World Order or World Anarchy: A Look at the Modern System of International Relations
Russia Will Be Forced to Fight for Global Resources
Russia needs a world order in which its opponents cannot monopolize global sources of growth and restrict access to them should political differences arise. Multi-polarity has acquired a completely new meaning. In the past, it was understood as the co-existence of several great powers; but now it is seen as the presence of alternative sources of growth and development.
In the run-up to the XI Annual Session of the Valdai International Discussion Club, the Russian International Affairs Council (RIAC) – one of the club’s co-founders – has published a report by RIAC Programme Director Ivan Timofeev entitled "World Order or World Anarchy: A Look at the Modern System of International Relations."
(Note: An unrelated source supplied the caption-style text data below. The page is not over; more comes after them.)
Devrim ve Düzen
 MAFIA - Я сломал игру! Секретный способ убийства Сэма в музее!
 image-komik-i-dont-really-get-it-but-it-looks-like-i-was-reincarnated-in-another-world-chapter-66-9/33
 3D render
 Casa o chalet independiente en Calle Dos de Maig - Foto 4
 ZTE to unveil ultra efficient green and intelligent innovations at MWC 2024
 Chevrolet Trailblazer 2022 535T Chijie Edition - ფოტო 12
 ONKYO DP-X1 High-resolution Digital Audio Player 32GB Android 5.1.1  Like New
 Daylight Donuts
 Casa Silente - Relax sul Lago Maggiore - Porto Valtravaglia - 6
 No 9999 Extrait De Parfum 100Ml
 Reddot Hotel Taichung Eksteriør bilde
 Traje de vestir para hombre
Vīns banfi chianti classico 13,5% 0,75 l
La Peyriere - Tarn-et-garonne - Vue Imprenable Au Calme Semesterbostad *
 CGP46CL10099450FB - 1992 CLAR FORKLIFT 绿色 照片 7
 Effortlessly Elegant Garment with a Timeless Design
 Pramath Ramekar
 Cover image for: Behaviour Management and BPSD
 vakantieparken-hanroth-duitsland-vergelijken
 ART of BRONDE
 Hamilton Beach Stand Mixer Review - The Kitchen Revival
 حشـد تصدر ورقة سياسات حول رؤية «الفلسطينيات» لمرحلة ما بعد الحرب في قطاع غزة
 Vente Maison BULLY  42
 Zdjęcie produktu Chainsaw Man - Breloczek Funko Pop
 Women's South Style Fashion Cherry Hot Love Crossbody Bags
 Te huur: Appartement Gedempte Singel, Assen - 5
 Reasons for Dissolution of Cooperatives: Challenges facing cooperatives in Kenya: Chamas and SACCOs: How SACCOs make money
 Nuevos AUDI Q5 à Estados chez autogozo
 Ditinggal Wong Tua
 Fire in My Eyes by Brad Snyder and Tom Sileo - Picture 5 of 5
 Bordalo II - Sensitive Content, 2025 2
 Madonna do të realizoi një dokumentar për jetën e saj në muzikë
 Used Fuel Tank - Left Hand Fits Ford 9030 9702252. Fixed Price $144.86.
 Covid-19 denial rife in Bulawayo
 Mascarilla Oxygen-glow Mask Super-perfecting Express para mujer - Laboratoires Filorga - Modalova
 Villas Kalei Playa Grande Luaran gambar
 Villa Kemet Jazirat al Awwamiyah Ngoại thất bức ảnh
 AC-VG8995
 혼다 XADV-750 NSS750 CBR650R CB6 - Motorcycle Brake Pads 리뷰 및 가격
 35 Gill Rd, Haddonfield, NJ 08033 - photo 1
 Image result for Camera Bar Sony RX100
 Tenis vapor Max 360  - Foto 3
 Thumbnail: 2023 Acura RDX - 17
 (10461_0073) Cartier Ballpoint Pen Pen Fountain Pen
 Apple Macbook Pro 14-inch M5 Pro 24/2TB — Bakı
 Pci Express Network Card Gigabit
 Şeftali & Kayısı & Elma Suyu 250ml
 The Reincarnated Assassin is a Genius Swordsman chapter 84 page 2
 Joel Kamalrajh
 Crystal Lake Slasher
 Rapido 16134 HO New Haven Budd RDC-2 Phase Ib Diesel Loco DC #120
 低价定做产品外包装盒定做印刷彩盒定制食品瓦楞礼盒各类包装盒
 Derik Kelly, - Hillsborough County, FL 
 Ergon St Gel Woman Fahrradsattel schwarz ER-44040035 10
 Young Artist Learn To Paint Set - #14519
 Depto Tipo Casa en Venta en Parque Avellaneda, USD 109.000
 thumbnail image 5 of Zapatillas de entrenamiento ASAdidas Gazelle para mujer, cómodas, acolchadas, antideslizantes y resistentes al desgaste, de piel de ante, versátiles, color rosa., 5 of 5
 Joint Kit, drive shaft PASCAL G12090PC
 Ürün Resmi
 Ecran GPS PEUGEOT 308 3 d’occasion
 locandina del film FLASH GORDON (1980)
The situation in Ukraine and the crisis in international relations have again raised questions about what kind of world we live in. Is there such a thing as world order? What are its foundations? How should Russia proceed in an increasingly competitive global environment?
This global environment, according to the report, is extremely uncertain. And it is this uncertainty that causes the key global players to be in constant fear of hostile actions on the part of the others. "In this context, a conflict breaks out even when the parties are objectively not interested in it," notes Ivan Timofeev. Perhaps this is why the Ukrainian crisis has not yet been resolved, despite the fact that it has not brought any tangible gains to either side.
As for Russia, the author writes that its "position among great powers today is fairly vulnerable." This is due to its limited ability to convert its political resources in the international arena into socio-economic development. The situation is made even worse by Russia’s opponents, who will try to block Russia’s access to the global sources of growth and development.
Russia cannot let itself slip into a fierce confrontation with the West. Nor can it afford to make significant concessions. Moscow is interested in the kind of multi-polarity in which the country has access to sources of growth. And one of these sources will inevitably be China. However, independence from the United States and the European Union should not develop into dependence on China. The only way for Russia to successfully steer clear of such a situation is to take the pragmatic approach and "play on several chessboards at once", while at the same time turning itself into a source of development.
The XI Annual Session of the Valdai International Discussion Club has been given the title "The World Order: New Rules or a Game without Rules?" Around 100 participants from over 25 countries will put their heads together to work on new approaches to issues on the global agenda. Among them will be RIAC President Igor Ivanov, Director General Andrei Kortunov and Programme Director Ivan Timofeev.
The XI Annual Session of the Valdai International Discussion Club will take place in Sochi on October 22–24.